Senior citizens around the United States have been standing in lines to get flu shots.
There wasn't much waiting Sunday in Fort Erie, however.
"Not even 10 minutes," Kathy Wachowicz, 56, said of the time it took to get a flu shot in the Holiday Inn, 1485 Garrison Road.
The Buffalo resident said crossing the border was quick and hassle-free, too.
The flu shot clinic proved convenient for those who could afford $40 and find a way there. It also eased their concerns about the flu season, even as others still wait for their shots amid a nationwide shortage.
Like a lot of other people across Western New York, Wachowicz looked elsewhere for a flu shot when her doctor's office told her it didn't have flu vaccine for her and other patients.
"I was worried," she said. "You have to be careful. I work with the public. And you can bring anything home."
Wachowicz was among the 300 or so Americans who traveled across the border for a flu shot from a Canadian physician, Dr. Mark Greenberg.

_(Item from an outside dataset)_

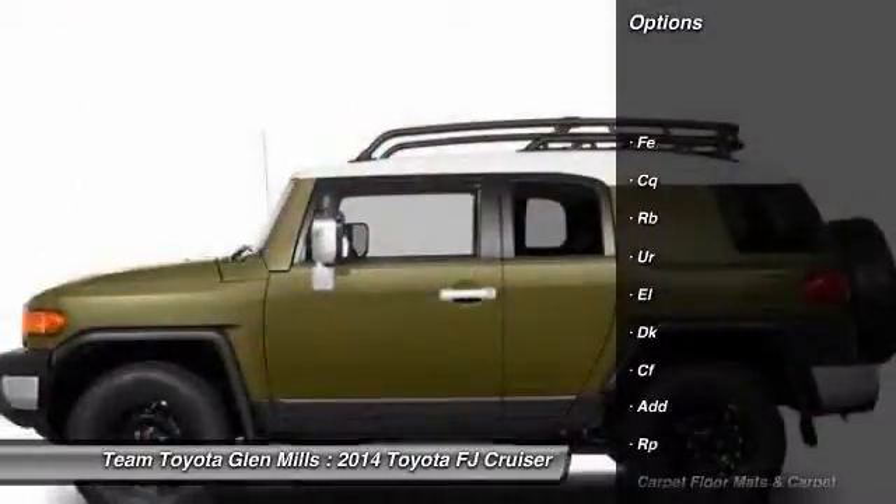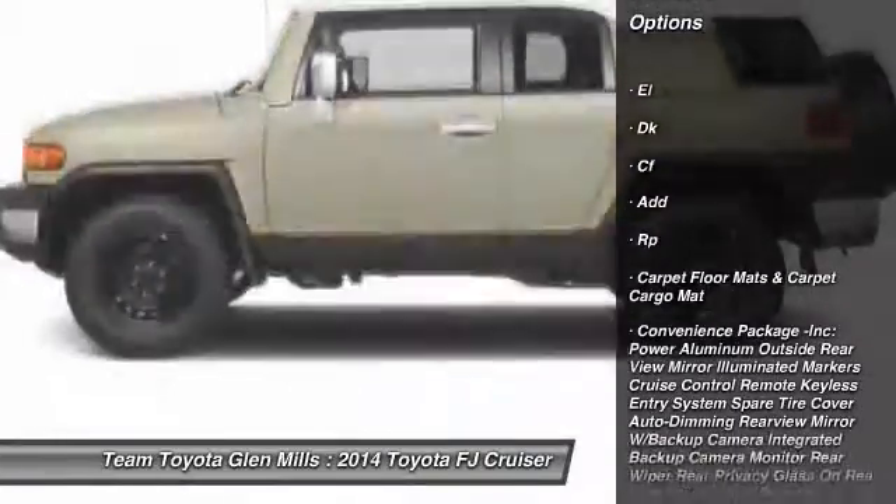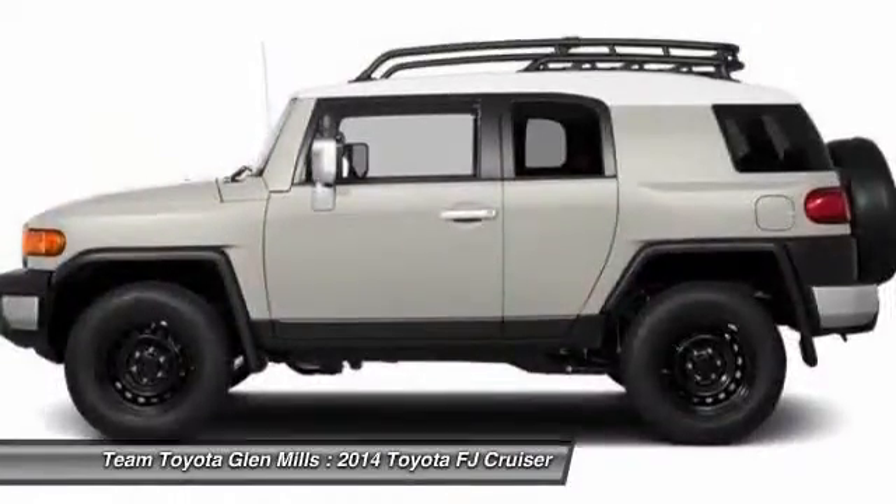Stability control. Traction control. Anti-lock braking system. Running boards. Steering wheel audio controls. Air conditioning.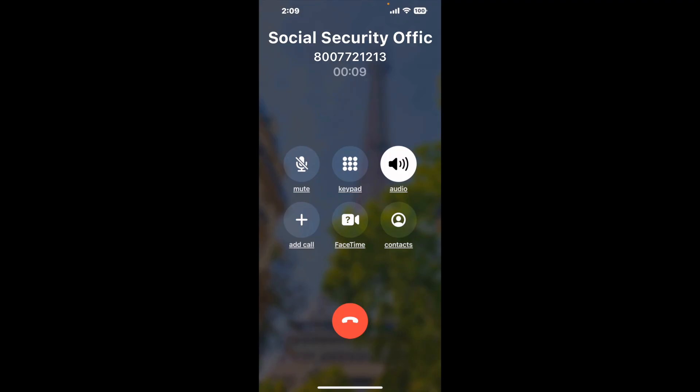It dials the number and stays on hold for you while it waits for an agent to take the call. When it detects an agent, it'll send the call to your phone. And here is Claimer sending me a call back from Social Security Office Suite, 12201 Coronation Boulevard, Charlotte, NC, 28227, with an actual agent on the line.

Greenberg, who has a family practice in Toronto, administered the shots to a steady flow of senior citizens and others who suffer from lung or heart disease, asthma, or some chronic illness such as diabetes. Most spent more time filling out forms than waiting their shot.
Two of Greenberg's employees helped people fill out consent forms and questionnaires and then collected their payments. Greenberg sat in the back of the fourth-floor conference room and administered the shots.
About two dozen people were waiting when Greenberg arrived at 9 a.m. to begin administering shots.
Greenberg and his partner, Dr. Peter Garber, administered flu shots the past three weekends and plan to administer more during the next two weekends in the hotel, and beyond that if their supply lasts.
The two started with 2,300 doses, and they've gone through about 700 doses so far, Greenberg said. The U.S. supply of flu shots was cut almost in half this fall because British regulators shut down shipments from Chiron Corp.
The two Canadian doctors set up the flu shot clinic "because of your situation in the United States," Greenberg said. "We wanted to help out."
Leonard Manuszewski, 78, a retired butcher who lives in Kaisertown, said he would have to wait too long to qualify for a flu shot at the Veterans Affairs Medical Center. So he decided to pay the $40 for his flu shot Sunday, even though "I'm hurting for the buck, too."
"It's ridiculous living in the United States with so many pharmaceuticals that I have to come over here for a flu shot," Manuszewski said.